The illegal instruction under Valgrind is different from the thing I pasted above. I suspect it jumps to garbage (and then Valgrind sees it's garbage/unknown and dies because it can't decode it). The longjmp is suspicious.

I find it interesting that this is so reproducible for you. Tomorrow I'll try your *FLAGS and see if I can hit it.

One thing for you to try: can you try -fno-omit-frame-pointer in *FLAGS too?

Comment 24 Sam James archtester

2025-01-29 22:53:19 UTC

Notably, it does:
> checking for setjmp type... [33;1m__builtin_setjmp[m

EXTRA_ECONF="--with-setjmp-type=setjmp" may or may not help.

It might be completely unrelated to this issue I've found though, just can't ignore that the crash has longjmp and then gibberish (which is a not-uncommon bug).

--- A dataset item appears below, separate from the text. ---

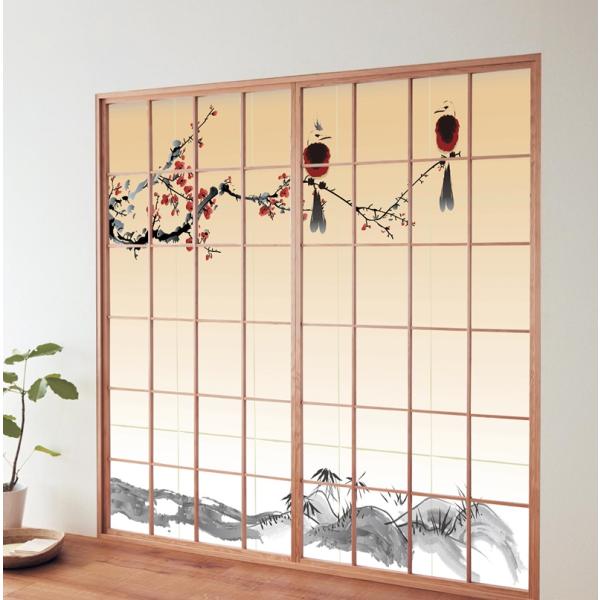 デザイン障子紙　老梅に鳥　（しょうじ紙/カラー/豪華/柄/和風/和柄/オシャレ/通販)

Comment 25 Sam James archtester

2025-01-29 22:54:57 UTC

(In reply to Sam James from comment #24)
> Notably, it does:
> > checking for setjmp type... [33;1m__builtin_setjmp[m
> 
> EXTRA_ECONF="--with-setjmp-type=setjmp" may or may not help.
> 
> It might be completely unrelated to this issue I've found though, just can't
> ignore that the crash has longjmp and then gibberish (which is a
> not-uncommon bug).

Ah! In https://bugzilla.redhat.com/show_bug.cgi?id=1545239#c46, Jakub explains it wasn't really specific to arm64 and just luck, which sort of explains the bit I was worried about.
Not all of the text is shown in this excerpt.